Think about it. These people have expressed interest. They’ve responded to your call to action. Most of them are qualified to do business with you. You’ve probably even had some honest dialogue.
In other words, you’ve already done most of the heavy lifting. Now you just need to stay top of mind (without being a pest). That way, the next time they need a freelancer in your profession, you’re the first person they think of!
Not staying in touch in a meaningful way is wasteful. And crazy! In my case, more than 25% of my income every year comes as a direct result of my nurturing efforts.
These are companies that I’ve contacted in the past. But at the time, they didn’t have a need or a budget. Yet my steady, value-added contact helped me stay memorable until conditions were right to hire me.
So, how can you strategically nurture this “not today” group? Here are some practical ideas:
- #1: Ask permission to add them to your newsletter distribution list. A highly targeted email newsletter with valuable, insightful and practical content gets read. It builds credibility. It positions you as an expert in your field and as someone with great ideas. Better yet, it helps keep you top of mind with hundreds of potential prospects.

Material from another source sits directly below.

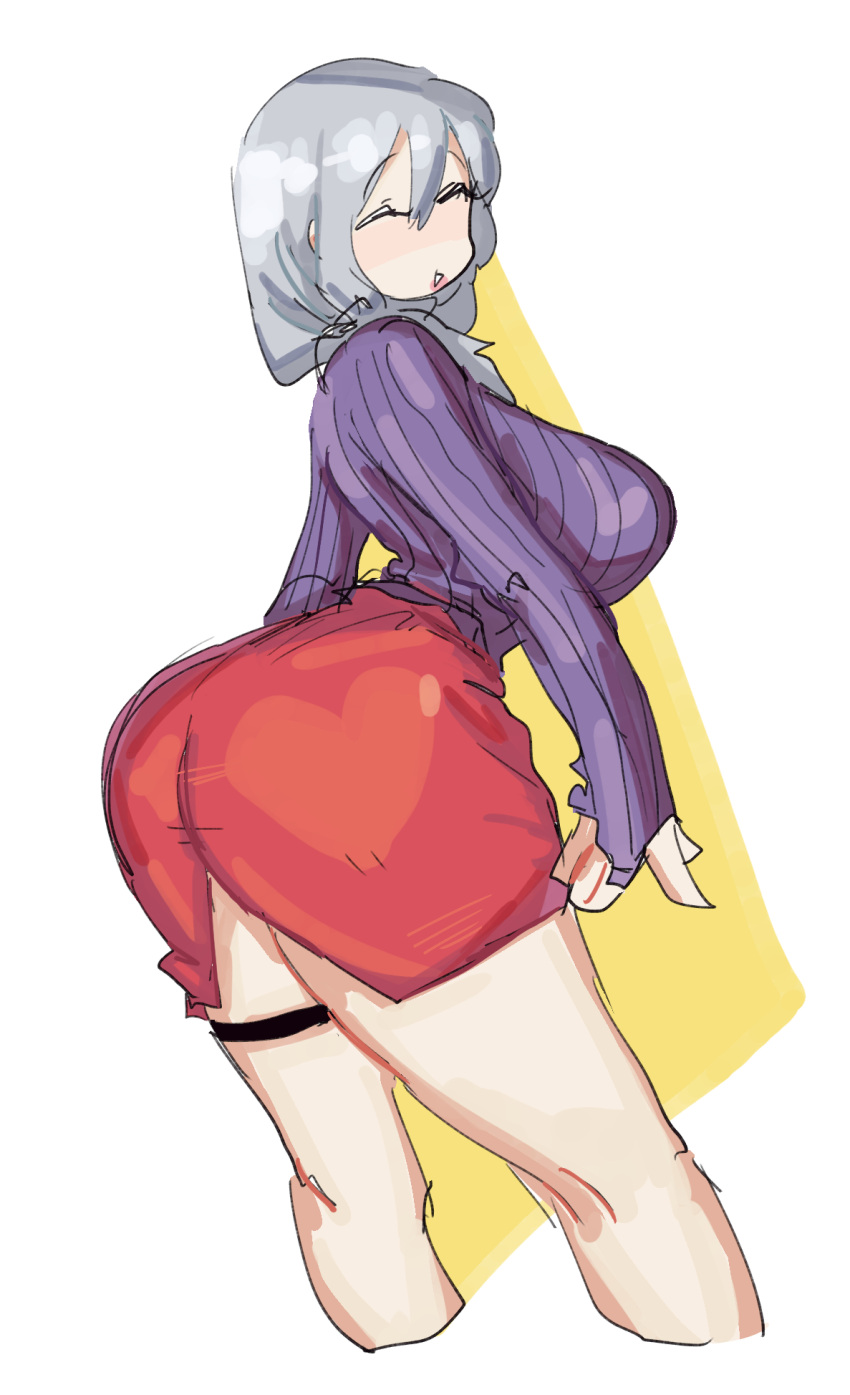 1girls bangs breasts female garter_straps hair_between_eyes large_breasts leebongchun leg_strap long_sleeves low_ponytail mature mature_female milf mother ponytail purple_sweater red_skirt side_view skirt sleeves solo sweater triangle_mouth uzaki-chan_wa_asobitai! uzaki_tsuki white_hair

But don’t just stop there…
- #2: Send an occasional email with relevant news. Have a new service offering? A new capability? An impressive case study of how you helped a similar company solve a pressing problem? Thought of another way you can help the prospect? Send him or her a quick email every couple of months. Be brief, but be personal.
And if you really want to set yourself apart…
- #3: Stay in touch by mailing relevant articles. Personally, this is my favorite way to become memorable. While I use the other 2 strategies above, I love to send my clients and prospects articles I think they’ll find interesting and useful, based on what I know about them and their businesses.
And if you really want to make an impact, send the actual cutout (or printout) of the article via postal mail with a Post-it note attached to it. On that note, write a simple message. Something like, “Hi, Jill. Thought you’d find this article interesting. Take care! Ed Gandia.” And make sure to include your business card.
Be genuine in your approach. And again, always be personable without coming across as a stalker. Also, don’t send everyone the same article. Make sure what you send is relevant to each prospect, based on what you know about them.
Regardless of your income goals, a prospect-nurturing program should be a key component of your marketing process. It will enable you to get more out of every dollar and every minute you spend promoting your services.
There’s just no reason to let all that valuable “prospecting energy” go to waste.